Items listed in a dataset
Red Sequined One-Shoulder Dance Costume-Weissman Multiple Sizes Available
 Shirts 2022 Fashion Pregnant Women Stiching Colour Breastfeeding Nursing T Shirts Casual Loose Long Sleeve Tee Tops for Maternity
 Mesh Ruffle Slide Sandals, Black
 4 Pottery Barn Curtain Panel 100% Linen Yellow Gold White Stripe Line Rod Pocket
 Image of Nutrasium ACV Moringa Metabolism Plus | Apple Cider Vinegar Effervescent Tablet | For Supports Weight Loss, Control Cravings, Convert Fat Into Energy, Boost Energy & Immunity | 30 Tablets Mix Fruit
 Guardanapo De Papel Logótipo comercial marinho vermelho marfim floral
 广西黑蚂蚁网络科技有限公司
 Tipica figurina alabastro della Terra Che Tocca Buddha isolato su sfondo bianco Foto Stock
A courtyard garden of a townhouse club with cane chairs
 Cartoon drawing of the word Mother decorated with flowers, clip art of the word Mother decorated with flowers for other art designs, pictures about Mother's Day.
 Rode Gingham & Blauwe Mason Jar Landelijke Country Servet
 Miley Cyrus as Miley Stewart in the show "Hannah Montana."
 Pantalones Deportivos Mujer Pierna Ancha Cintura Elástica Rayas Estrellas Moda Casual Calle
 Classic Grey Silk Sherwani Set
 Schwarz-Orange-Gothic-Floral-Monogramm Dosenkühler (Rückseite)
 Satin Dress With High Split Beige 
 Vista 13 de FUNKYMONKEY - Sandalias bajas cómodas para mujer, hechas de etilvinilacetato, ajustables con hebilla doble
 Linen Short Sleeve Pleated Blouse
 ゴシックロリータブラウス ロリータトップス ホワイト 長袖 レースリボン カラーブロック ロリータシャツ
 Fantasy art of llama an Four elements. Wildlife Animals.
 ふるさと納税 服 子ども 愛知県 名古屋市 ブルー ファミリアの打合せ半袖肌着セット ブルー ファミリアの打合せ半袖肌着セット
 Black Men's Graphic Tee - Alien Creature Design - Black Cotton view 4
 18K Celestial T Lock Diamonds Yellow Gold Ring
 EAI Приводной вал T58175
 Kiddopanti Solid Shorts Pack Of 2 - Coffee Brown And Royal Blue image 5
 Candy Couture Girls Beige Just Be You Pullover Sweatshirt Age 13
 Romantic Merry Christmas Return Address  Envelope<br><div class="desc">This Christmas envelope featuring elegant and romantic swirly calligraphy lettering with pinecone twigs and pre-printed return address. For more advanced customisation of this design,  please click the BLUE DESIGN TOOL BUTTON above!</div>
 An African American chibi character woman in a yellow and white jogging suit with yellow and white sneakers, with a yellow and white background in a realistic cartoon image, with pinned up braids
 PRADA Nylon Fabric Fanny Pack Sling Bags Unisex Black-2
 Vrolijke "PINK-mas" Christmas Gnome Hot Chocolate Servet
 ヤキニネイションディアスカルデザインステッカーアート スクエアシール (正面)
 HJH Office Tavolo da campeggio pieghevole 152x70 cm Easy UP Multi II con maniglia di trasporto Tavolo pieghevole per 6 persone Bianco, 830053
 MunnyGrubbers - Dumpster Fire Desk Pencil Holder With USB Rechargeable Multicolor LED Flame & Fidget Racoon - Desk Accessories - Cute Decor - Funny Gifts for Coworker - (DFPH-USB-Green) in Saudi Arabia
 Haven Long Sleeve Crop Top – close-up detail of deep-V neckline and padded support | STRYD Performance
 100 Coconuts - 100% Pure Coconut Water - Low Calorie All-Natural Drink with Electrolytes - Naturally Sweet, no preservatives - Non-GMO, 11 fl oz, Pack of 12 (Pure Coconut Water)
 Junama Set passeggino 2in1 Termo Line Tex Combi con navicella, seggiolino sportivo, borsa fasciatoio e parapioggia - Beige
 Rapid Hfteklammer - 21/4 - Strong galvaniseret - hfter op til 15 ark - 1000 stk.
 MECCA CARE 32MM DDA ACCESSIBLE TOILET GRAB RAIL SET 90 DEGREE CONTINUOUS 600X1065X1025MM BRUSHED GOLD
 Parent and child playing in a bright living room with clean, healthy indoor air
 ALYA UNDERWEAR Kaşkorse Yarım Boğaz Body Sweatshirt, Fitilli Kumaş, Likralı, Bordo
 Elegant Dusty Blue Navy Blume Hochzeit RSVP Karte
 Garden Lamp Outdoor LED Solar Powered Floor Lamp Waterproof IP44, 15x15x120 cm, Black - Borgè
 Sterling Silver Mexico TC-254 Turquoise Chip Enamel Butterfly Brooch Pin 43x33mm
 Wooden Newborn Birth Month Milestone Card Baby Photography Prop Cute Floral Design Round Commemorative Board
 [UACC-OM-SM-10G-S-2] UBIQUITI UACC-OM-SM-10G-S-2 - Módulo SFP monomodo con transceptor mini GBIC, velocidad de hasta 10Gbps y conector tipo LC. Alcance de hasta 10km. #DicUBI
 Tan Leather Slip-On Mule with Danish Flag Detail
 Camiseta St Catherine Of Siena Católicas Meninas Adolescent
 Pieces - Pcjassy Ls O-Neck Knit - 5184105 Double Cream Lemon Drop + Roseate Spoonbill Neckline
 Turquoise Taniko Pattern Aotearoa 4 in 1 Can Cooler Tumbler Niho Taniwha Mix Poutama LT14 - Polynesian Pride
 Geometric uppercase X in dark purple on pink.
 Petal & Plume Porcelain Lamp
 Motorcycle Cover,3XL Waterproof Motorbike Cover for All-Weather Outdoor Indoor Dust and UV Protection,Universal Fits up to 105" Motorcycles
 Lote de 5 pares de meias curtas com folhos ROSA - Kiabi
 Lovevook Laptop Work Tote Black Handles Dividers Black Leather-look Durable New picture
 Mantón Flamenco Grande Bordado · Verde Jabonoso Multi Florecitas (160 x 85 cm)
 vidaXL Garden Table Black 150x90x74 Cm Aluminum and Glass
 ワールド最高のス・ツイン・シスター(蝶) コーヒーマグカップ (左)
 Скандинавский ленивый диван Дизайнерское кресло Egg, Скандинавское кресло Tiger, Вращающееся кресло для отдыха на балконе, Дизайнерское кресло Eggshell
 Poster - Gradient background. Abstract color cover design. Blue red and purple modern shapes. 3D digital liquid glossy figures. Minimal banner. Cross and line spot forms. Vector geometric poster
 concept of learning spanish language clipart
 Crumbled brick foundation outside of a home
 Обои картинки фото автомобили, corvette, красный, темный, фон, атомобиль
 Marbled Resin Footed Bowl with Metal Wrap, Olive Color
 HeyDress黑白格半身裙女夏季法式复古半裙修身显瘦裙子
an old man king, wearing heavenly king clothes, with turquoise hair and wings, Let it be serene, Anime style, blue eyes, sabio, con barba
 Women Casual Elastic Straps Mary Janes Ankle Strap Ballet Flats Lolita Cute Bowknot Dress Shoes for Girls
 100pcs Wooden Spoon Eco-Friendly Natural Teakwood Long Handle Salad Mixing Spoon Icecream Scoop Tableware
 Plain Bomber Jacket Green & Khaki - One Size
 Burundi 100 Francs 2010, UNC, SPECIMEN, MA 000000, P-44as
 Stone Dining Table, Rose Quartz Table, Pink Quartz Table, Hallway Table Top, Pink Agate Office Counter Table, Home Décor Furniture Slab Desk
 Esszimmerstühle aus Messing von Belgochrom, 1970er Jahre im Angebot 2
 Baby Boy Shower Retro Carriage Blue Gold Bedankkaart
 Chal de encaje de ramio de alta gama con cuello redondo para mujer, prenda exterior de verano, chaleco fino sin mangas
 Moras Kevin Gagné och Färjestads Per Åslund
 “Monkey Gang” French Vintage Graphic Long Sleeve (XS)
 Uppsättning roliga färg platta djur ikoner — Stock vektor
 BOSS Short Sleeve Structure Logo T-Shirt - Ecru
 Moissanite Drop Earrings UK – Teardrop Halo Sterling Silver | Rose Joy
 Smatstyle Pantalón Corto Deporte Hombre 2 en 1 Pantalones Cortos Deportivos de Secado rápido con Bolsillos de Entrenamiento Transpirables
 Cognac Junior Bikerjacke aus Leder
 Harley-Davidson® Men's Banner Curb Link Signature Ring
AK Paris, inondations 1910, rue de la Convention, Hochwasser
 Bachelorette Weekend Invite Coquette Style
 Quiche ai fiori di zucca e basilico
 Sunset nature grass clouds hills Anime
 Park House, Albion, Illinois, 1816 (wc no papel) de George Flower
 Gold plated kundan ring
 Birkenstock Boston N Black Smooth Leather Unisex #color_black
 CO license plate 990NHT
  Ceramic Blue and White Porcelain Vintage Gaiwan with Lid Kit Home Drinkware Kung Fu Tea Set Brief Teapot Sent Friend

YOUR ASSIGNMENT:
Show the lines from the data above that contain the string "Office".

REPLY:
 HJH Office Tavolo da campeggio pieghevole 152x70 cm Easy UP Multi II con maniglia di trasporto Tavolo pieghevole per 6 persone Bianco, 830053
 Stone Dining Table, Rose Quartz Table, Pink Quartz Table, Hallway Table Top, Pink Agate Office Counter Table, Home Décor Furniture Slab Desk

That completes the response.